Nearly four months after a homeless encampment under the Ville-Marie Expressway was dismantled, about two-thirds of the people who were evicted are still unhoused, according to advocates.
Community workers argue that given the number of people in the city who are living in makeshift shelters, a strategy, other than simple eviction, needs to be developed.
“Encampments are going to be with us for a while,” David Chapman of Resilience Montreal told Global News. “That’s just the facts. The question is, how do we engage them in a responsible manner?”
Some former campers are still being moved around, like Jacko Stuben. He and one other person moved to a wooded spot near Atwater Avenue, next to the Ville-Marie Expressway, not far from where he and more than a dozen others were evicted by Transports Québec last July to make way for what the ministry said was urgent repair work.
Now he says Transports Québec has given him until Thursday to move from his new spot which is next to the expressway worksite.
“We’re just going to move to a different location,” he said. “It’s not easy for us because they’re just throwing us out.”
Earlier this year, advocates for the homeless tried but failed to quash the eviction order for the 15 campers in court. They argued that forcing campers to leave without giving them an alternate living space was not wise and stressed that the group would simply split up and become isolated.

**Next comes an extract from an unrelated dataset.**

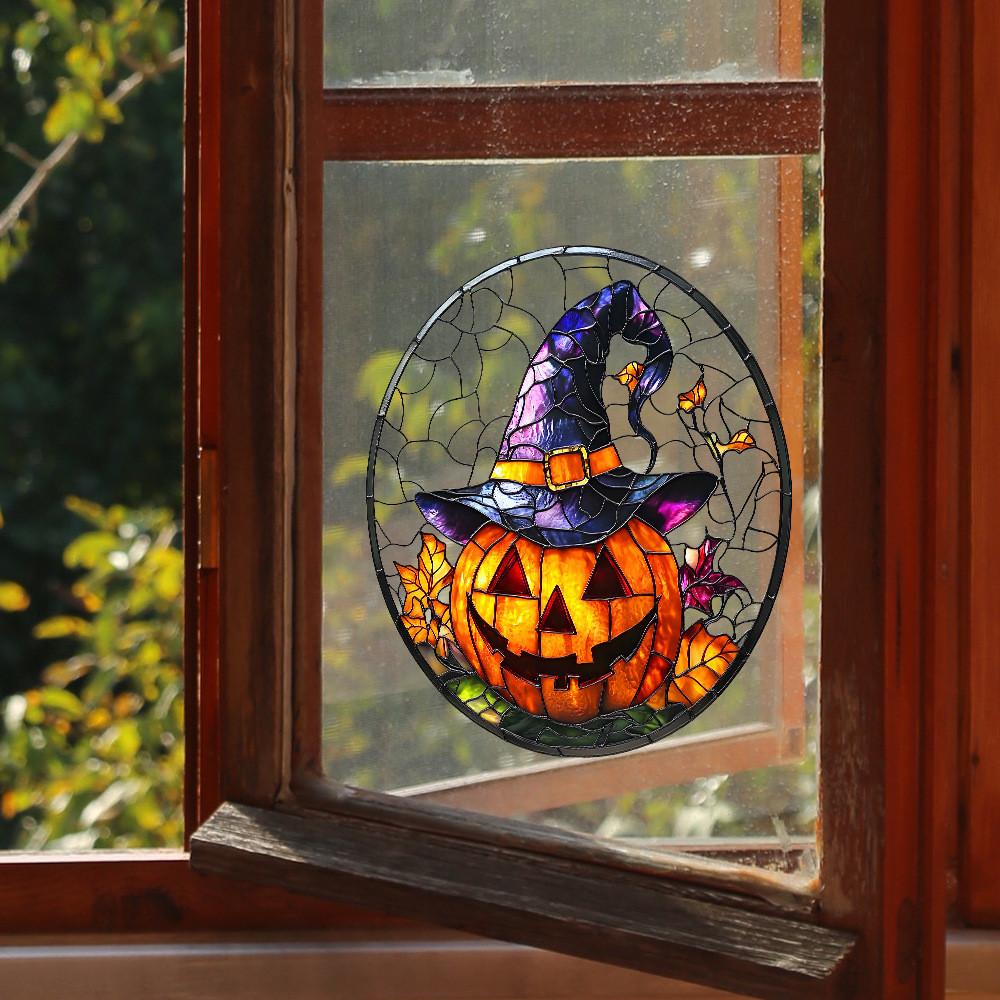 Halloween Pumpkin Witch Hat Uv Static Glass Showcase Home Stickers Decor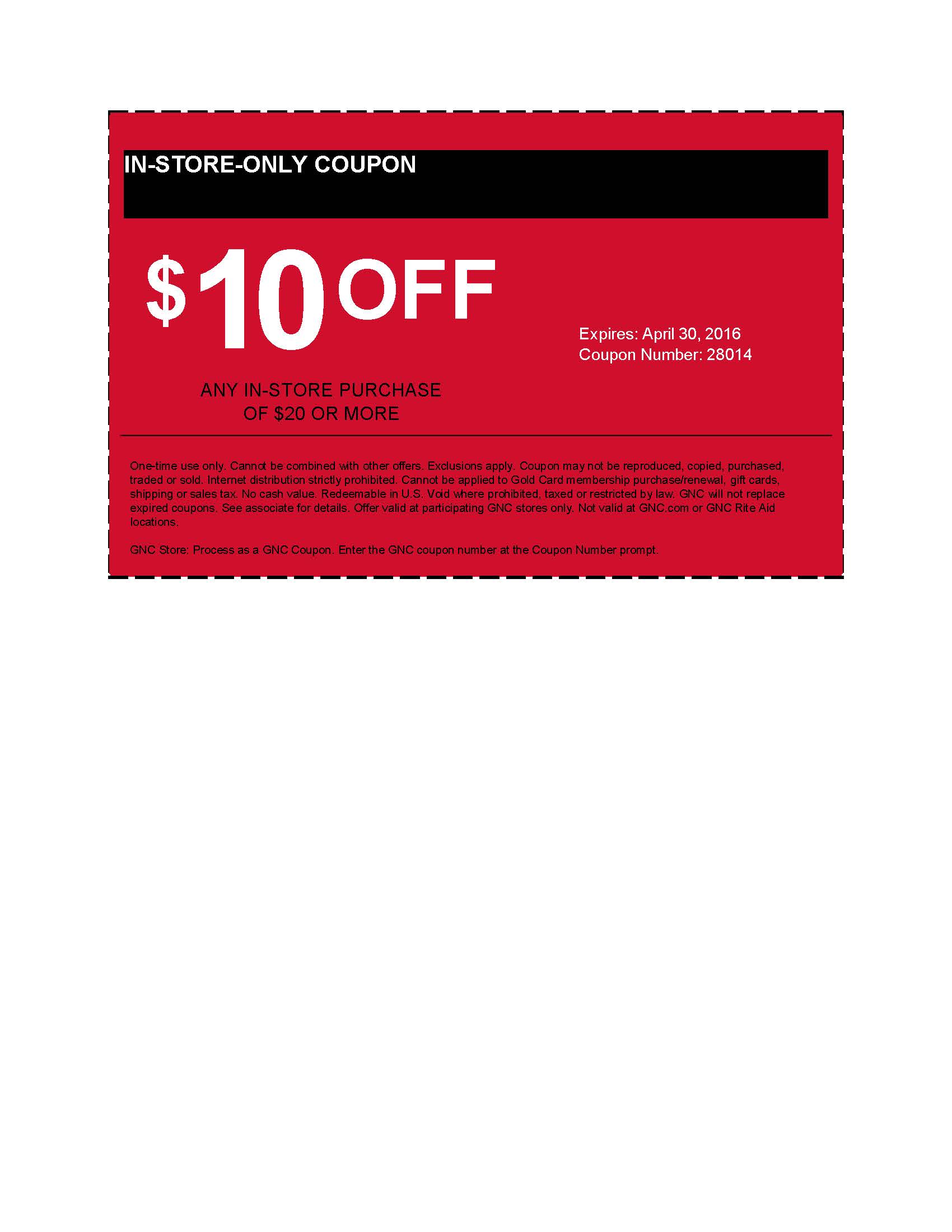 GNC $10 off $20 for April 2016 instore coupon Slickdeals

Community workers say that is exactly what happened.
“Sadly, where they’ve ended up are dark alleyways, small forested spots and abandoned buildings,” Chapman said.
A few of the campers did get lucky.
“Some of them, we’re talking about four or five, have been housed already,” said Marie-Pier Therrien, head of communications at the Old Brewery Mission. “One of them is actually here at Pavillion Marcelle and Jean Coutu.”
The other 10 have dispersed, including one who Chapman says now lives in an abandoned building but refuses to say where.
“Because he knows that if I’m coming to visit him, if others are coming to visit him, the probability is higher that he will be chased out of that location,” he explained.
He added that the danger with repeated eviction is that people eventually go underground, which means they could end up dead, from accidental drug overdose for example, because social service workers lose track of them.
According to Montreal Public Health, of the 175 Montrealers who died in the city between August 2022 and July 23, nine per cent were homeless.
Chapman says there are increasingly more isolated camps and he’s afraid that Stuben might end up going into hiding too.